It’s impossible to know what the full repercussions of the 303 Creative decision will be, but we are concerned about what this case could mean for future litigation and erosion of LGBTQ+ rights. This ruling will be seen as a victory for anti-LGBTQ+ hate groups and will only encourage more lawsuits and legislation aimed at eroding the rights of queer people. This decision has created a tiny door many people have been waiting years to walk through. That is why it is imperative for us to take action now!

  • You can speak out against the Supreme Court’s unprecedented decision by visiting the Human Rights Campaign to voice your dissent on this decision and to fight discrimination against the LGBTQ+ community.
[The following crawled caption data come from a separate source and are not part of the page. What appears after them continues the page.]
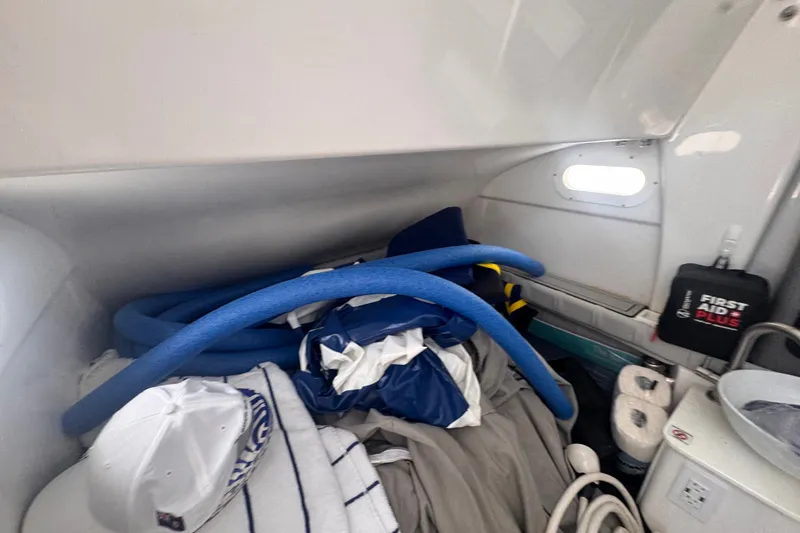 Slide: The Image of Interior storage area of 2023 Sea Fox 368 Commander with various boating supplies. - 24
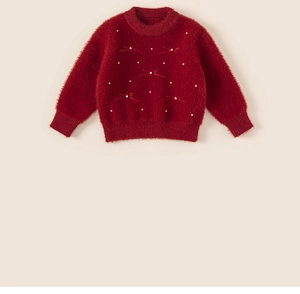 Detailed macro view of girls' red knit sweater with pearls and ribbons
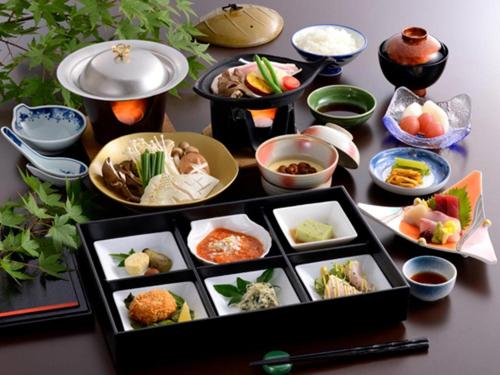 a table topped with plates of food and bowls of food at Yuzawa New Otani in Yuzawa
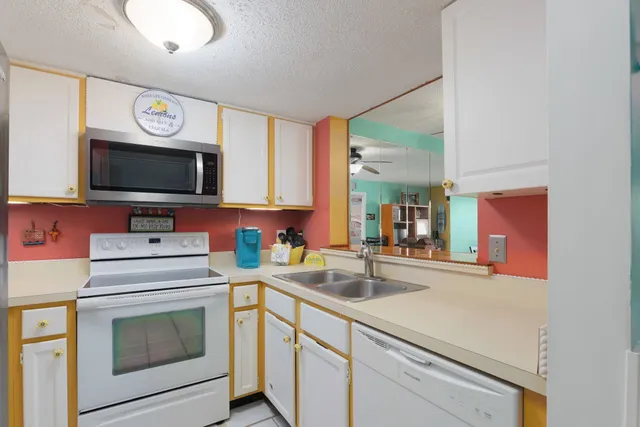 a kitchen with a sink stove and microwave
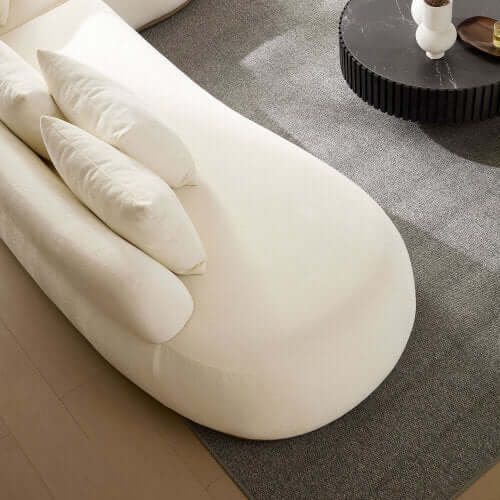 Cream rounded L-shaped chaise sofa sectional with plush pillows on a stylish rug.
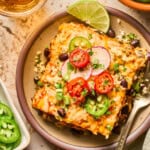 overhead view of a piece of vegan enchilada casserole on a plate.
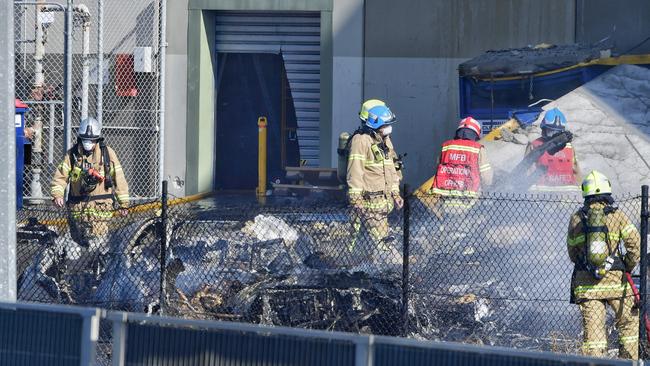 Firefighters sift through the wreckage. Picture: Jason Edwards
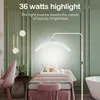 A beauty salon or spa setting with a massage table, chair, and lighting. Produktbild-Vorschau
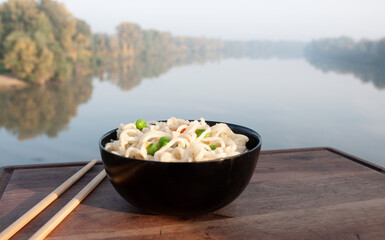 Vegetable noodles and chopsticks on a wooden board next to the river.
  • You can urge your members of Congress to pass the Equality Act. The Equality Act is a federal piece of legislation that would strengthen and expand federal civil rights laws to ensure clear and comprehensive nondiscrimination protections for LGBTQ+ people in all states. Protections would cover employment, religion, housing, credit, education, public spaces and services, federally funded programs, and jury service. Share your support for this landmark legislation buy telling your representatives to re-introduce and pass the Equality Act!

To learn more about how Howard Brown Health contributes to vital advocacy work and has an impact on local, state, and federal policymaking, please visit our Advocacy webpage. To stay up to date with advocacy and policy news like this, sign up for the Center for Education, Research, and Advocacy (ERA)’s newsletter.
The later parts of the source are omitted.